Really DF, are you seriously jealous of my blog?
So last night I spent a little more time than usual on the laptop, because I was hammering out my last blog about BM and SD's field trip to the pawn shop (nice!), which came complete with a burned out ghetto tour and a complimentary crack rock (I'm KIDDING, obviously), and of course DF was curious to know what I was doing. Now I realize at this point I probably never should have said anything about it, and silly me for thinking DF would be mature enough to be okay with the fact that I had started writing a blog, and that I would prefer if he didn't read it. It's not that he CAN'T read it, I'm not hiding anything from him, and there is really nothing in here that we don't discuss together or at least with our counselor (yes, DF and I are in counseling, more on that subject to follow in a future blog). Maybe someday I'll show it to him, but for right now it's MY private thing that I'm using to help ME process all of the ways that MY life is changing as a result of this relationship and this child.

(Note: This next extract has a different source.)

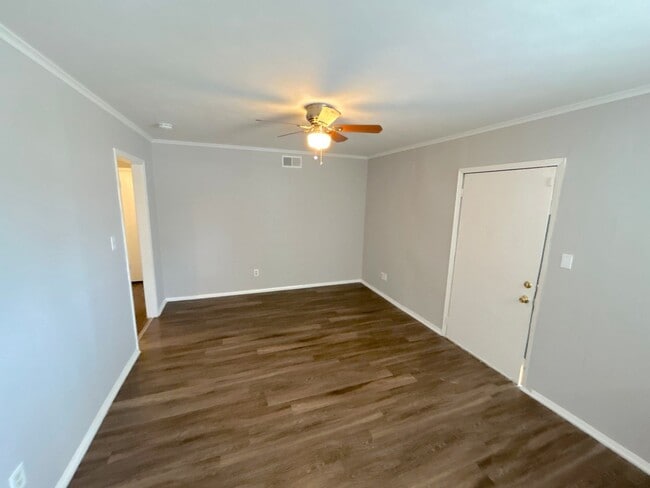 Building Photo - 4235 Camelot Ave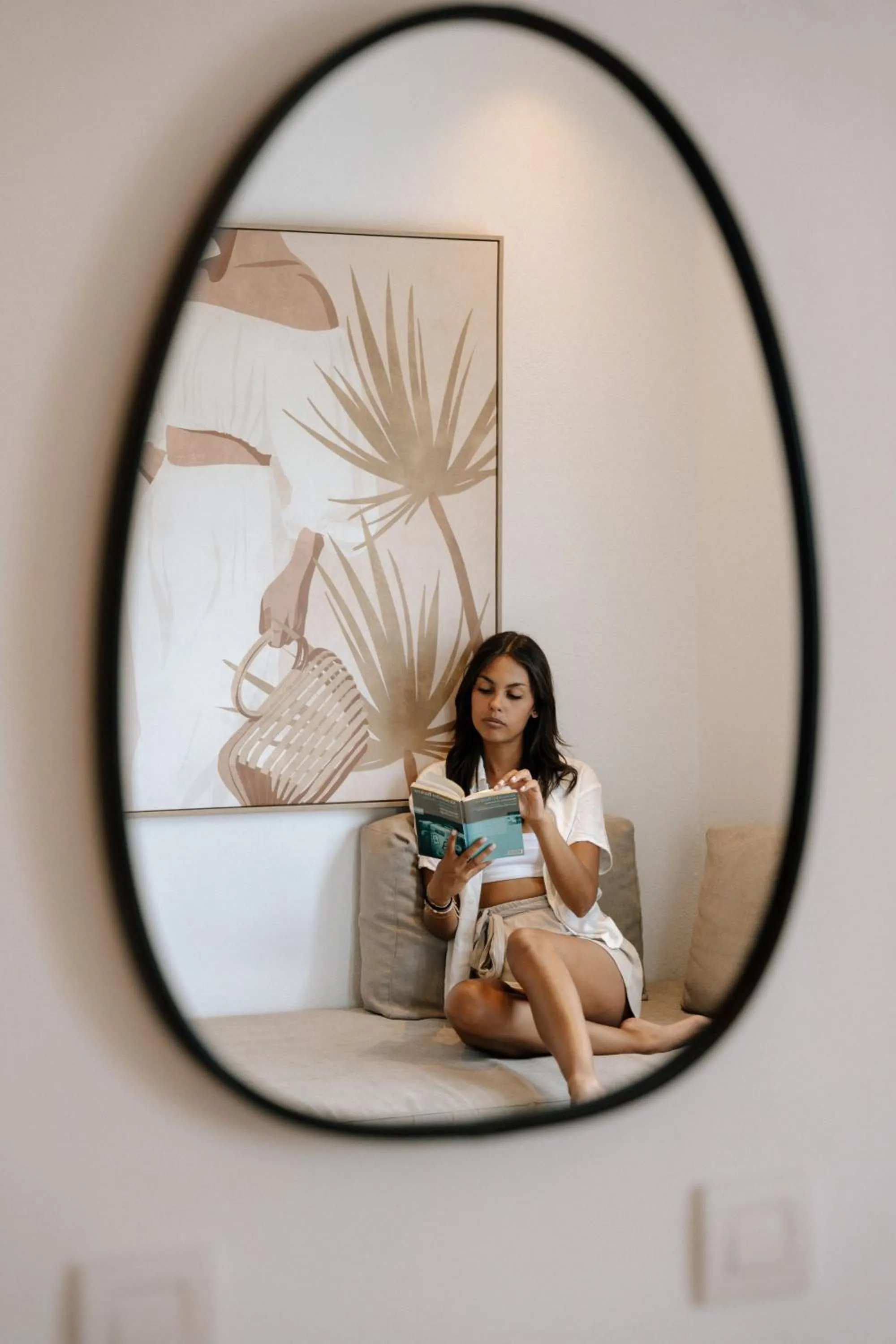 People in Pnoi Hotel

DF threw a hissy fit!!! I told him I don't see how it's any different than if I were to take to writing in a journal or a diary and he wanted to read that. He thinks it IS different because a journal or diary I wouldn't share with anyone, and a blog I'm sharing with whomever chooses to read it. Right, but none of the readers actually know who we are, and I take some comfort in knowing that I can vent and share anonymously, without judgement, to people who are in similar situations and can understand where I'm coming from. I don't see how it's any different than him going out with his group of "guy friends" that I've never met (they attend events together, travel together, go camping together, meet up several times a year for dinner) and WILL never meet because that's his outlet to "vent" about me, and no he won't tell me what they talked about because those are his private thoughts. He has many other friends that I have met, and he doesn't exlude me from much of his life, but he does have a couple of things that are for him and him alone, like that particular group of friends, and anything he does with them.
Cool! You have your friends, I have my blog (which I choose because none of my friends are in this situation and they don't really understand what I'm talking about most of the time), everyone's happy. Fabulous!
Pfft yeah right! I know this conversation isn't over......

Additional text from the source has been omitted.